On peut aussi organiser une rencontre-bilan lorsqu’une erreur a été commise. En marquant un temps d’arrêt collectif, les gestionnaires permettent à leurs coéquipiers de tirer les leçons de cette erreur de manière à améliorer leur performance future. Cette attitude responsable et pragmatique quant aux erreurs peut instaurer un climat de sécurité psychologique bénéfique au sein de l’équipe, car les membres sentiront alors qu’ils ont le droit de se tromper sans encourir de sanctions. Ils exprimeront leurs idées plus librement, notamment en ce qui a trait aux améliorations possibles, ce qui aura également un effet positif sur la performance de l’équipe2.

2. La rétroaction en continu

Les gestionnaires peuvent intervenir en continu auprès de leurs équipes, par exemple en encourageant le partage de bonnes pratiques entre coéquipiers et en standardisant certains processus. Les travailleurs peuvent aussi être mis à contribution lorsqu’il s’agit d’établir des objectifs ambitieux et de trouver les moyens de les atteindre.
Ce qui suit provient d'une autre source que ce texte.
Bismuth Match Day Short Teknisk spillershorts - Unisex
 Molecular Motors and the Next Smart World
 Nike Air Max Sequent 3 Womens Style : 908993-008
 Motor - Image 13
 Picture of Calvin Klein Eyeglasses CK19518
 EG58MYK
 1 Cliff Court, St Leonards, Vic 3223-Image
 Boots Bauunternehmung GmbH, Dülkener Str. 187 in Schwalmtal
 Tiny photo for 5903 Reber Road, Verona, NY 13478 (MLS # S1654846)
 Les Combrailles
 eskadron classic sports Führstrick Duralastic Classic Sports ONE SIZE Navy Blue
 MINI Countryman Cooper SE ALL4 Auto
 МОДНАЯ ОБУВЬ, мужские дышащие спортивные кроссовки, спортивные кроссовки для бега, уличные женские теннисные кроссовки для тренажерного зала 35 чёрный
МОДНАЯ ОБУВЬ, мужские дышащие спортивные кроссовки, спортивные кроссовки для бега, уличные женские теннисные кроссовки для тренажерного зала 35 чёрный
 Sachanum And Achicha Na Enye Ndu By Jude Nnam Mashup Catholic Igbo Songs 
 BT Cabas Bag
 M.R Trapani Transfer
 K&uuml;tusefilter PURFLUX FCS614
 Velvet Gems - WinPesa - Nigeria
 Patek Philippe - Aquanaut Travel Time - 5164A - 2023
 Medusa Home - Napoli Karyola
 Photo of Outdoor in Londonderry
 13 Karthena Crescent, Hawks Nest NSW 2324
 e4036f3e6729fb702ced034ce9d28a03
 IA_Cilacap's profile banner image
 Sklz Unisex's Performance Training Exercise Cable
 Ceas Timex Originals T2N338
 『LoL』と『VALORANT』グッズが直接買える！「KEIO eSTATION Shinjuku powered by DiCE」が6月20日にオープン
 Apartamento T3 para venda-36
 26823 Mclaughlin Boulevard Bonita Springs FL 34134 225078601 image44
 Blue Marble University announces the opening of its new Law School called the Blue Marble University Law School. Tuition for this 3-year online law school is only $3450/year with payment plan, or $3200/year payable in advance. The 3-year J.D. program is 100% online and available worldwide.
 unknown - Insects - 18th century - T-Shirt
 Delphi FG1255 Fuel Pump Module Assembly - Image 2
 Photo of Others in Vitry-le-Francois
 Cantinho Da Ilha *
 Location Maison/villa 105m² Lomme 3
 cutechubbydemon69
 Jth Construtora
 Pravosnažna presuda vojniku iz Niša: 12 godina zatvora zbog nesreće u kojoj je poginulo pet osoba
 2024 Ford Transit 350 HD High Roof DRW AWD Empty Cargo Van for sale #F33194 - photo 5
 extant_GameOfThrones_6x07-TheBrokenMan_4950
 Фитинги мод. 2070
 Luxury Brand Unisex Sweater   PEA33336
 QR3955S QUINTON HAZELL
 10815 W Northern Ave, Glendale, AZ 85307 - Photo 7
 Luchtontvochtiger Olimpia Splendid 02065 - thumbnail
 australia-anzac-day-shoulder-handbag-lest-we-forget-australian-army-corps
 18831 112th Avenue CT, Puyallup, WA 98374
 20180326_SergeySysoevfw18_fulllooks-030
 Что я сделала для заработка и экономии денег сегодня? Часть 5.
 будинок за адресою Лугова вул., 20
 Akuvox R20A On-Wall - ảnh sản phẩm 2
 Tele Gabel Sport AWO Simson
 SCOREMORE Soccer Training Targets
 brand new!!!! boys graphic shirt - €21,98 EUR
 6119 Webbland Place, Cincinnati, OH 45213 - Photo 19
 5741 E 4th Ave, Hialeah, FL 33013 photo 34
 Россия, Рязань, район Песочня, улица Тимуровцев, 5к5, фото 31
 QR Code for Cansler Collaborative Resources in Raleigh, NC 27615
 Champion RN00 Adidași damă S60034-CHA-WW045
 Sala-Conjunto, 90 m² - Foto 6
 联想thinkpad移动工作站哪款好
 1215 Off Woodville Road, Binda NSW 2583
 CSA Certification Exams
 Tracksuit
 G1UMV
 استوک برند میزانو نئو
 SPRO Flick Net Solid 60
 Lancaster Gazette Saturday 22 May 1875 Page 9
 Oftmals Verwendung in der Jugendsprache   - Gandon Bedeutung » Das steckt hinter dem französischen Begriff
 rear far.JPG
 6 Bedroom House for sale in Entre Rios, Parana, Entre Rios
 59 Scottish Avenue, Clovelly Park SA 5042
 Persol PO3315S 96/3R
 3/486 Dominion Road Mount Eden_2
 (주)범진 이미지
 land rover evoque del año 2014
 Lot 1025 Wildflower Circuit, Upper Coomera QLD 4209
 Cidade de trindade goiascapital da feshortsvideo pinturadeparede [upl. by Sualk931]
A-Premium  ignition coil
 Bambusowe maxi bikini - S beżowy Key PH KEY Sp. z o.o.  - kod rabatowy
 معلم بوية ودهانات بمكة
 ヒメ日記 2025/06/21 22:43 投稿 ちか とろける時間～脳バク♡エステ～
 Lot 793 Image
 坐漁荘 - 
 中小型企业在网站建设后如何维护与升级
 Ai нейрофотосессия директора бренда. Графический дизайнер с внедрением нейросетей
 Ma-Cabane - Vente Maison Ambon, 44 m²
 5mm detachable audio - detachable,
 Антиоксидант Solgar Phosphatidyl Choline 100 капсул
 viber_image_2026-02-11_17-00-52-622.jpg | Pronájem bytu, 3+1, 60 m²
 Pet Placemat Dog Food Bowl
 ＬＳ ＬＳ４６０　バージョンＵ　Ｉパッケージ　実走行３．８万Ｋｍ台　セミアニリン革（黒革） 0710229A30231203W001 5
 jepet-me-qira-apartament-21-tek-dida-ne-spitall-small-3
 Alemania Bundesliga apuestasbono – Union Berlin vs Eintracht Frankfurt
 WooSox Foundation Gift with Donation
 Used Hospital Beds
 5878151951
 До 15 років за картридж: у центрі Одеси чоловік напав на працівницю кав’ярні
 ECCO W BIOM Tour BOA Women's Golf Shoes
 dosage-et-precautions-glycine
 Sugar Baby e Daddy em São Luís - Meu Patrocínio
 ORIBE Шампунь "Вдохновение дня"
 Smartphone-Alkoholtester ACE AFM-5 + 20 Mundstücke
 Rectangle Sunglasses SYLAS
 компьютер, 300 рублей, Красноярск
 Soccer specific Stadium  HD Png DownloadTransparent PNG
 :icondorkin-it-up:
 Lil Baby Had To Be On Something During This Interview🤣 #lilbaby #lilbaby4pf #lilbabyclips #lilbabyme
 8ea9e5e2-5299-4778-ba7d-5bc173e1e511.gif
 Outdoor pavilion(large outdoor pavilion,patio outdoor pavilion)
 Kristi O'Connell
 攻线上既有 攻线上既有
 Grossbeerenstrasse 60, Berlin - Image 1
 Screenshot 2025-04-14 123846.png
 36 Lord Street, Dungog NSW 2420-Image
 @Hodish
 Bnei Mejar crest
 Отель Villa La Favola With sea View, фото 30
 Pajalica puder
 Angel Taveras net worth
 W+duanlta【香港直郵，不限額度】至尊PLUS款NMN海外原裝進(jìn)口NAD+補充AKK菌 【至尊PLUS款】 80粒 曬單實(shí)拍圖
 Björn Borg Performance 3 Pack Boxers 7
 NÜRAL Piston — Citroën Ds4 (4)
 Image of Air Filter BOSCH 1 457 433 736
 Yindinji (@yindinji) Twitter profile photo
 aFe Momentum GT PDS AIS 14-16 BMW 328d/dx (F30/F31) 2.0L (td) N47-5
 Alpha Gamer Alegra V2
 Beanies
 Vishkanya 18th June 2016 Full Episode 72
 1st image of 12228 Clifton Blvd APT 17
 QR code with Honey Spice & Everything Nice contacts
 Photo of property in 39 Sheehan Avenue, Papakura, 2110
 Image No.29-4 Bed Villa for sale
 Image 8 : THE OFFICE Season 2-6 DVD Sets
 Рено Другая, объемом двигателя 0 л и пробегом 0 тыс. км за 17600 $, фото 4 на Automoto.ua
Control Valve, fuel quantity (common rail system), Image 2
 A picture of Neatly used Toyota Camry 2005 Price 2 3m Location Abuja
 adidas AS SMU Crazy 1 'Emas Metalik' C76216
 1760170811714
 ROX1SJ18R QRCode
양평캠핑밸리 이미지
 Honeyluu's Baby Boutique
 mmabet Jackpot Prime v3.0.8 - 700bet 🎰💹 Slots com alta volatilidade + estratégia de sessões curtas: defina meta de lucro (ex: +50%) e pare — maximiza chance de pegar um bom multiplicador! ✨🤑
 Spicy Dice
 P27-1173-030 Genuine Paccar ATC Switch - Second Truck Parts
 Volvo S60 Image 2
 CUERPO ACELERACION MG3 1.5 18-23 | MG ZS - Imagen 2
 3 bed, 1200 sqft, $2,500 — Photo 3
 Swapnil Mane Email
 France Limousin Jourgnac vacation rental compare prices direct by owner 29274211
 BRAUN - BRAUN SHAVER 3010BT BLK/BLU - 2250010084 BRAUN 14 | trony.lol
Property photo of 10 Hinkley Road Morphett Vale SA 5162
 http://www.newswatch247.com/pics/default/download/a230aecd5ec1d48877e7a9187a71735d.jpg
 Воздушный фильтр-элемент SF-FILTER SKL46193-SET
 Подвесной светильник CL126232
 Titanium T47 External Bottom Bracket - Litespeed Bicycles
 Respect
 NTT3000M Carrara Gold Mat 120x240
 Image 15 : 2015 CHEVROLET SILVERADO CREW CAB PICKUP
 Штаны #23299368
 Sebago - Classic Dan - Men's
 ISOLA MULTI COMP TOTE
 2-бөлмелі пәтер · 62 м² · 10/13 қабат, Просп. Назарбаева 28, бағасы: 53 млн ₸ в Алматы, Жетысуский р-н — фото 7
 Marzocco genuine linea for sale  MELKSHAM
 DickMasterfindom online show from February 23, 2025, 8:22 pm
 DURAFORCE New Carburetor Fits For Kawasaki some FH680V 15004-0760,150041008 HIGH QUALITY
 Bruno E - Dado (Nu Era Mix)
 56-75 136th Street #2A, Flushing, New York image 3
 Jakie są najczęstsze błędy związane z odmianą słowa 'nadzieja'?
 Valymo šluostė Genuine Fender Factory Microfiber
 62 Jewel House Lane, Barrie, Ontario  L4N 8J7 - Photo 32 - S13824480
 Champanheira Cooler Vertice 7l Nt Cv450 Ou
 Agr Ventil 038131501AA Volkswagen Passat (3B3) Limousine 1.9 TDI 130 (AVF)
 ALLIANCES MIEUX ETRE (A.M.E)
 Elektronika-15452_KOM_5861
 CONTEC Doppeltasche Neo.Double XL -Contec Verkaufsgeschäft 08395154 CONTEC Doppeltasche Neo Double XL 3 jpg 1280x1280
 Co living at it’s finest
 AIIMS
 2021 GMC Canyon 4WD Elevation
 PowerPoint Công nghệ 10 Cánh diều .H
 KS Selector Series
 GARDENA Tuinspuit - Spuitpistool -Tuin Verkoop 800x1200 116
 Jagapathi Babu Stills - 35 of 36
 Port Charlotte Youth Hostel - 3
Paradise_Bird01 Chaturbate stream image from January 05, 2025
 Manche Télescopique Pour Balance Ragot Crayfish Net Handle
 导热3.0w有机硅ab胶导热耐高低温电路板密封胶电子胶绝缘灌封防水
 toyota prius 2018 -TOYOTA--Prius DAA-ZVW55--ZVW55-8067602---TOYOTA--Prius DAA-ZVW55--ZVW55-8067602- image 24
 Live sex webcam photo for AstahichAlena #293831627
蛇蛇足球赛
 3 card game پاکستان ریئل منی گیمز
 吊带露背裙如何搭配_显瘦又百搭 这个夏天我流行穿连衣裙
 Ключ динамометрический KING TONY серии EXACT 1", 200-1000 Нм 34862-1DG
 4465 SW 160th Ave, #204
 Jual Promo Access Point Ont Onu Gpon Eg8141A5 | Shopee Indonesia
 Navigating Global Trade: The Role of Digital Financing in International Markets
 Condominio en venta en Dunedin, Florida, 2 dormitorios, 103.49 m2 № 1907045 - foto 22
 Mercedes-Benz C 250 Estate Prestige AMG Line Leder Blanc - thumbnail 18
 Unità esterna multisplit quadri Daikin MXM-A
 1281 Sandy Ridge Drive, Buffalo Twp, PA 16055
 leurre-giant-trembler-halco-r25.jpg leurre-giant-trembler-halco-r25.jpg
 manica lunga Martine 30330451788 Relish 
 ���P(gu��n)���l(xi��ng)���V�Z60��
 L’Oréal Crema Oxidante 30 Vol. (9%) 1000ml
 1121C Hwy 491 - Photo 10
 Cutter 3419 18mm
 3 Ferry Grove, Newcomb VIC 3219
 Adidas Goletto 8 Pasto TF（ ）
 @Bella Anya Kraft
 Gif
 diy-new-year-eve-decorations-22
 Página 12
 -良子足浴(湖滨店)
En fixant ensemble les objectifs d’équipe, les membres s’engagent de facto à les atteindre; de plus, ils seront enclins à suivre de près la progression des travaux et éprouveront un fort sentiment de fierté lorsqu’ils constateront le résultat de leur labeur3.

En tenant compte de leur style naturel de gestion, les gestionnaires peuvent adapter leurs méthodes de rétroaction et d’intervention de manière à susciter de la réflexivité afin d’accroître la performance de leurs équipes.


Notes

1- Harvey, J.-F., Bresman, H., Edmondson, A. C., et Pisano, G. P., «Team learning and superior firm performance: A meso-level perspective on dynamic capabilities», document de réflexion de la Harvard Business School n° 19-059, janvier 2020, 51 pages.

2- Harvey, J.-F., Johnson, J., Roloff, K. S., et Edmondson, A. C., «From orientation to behavior: The interplay between learning orientation, open-mindedness, and psychological safety in team learning», Human Relations, vol. 72, n° 11, novembre 2019, p. 1726-1751.

3- Edmondson, A. C., et Harvey, J.-F., Extreme Teaming – Lessons in Complex, Cross-Sector Leadership, Bingley (R.-U.), Emerald Group Publishing, 2017, 224 pages.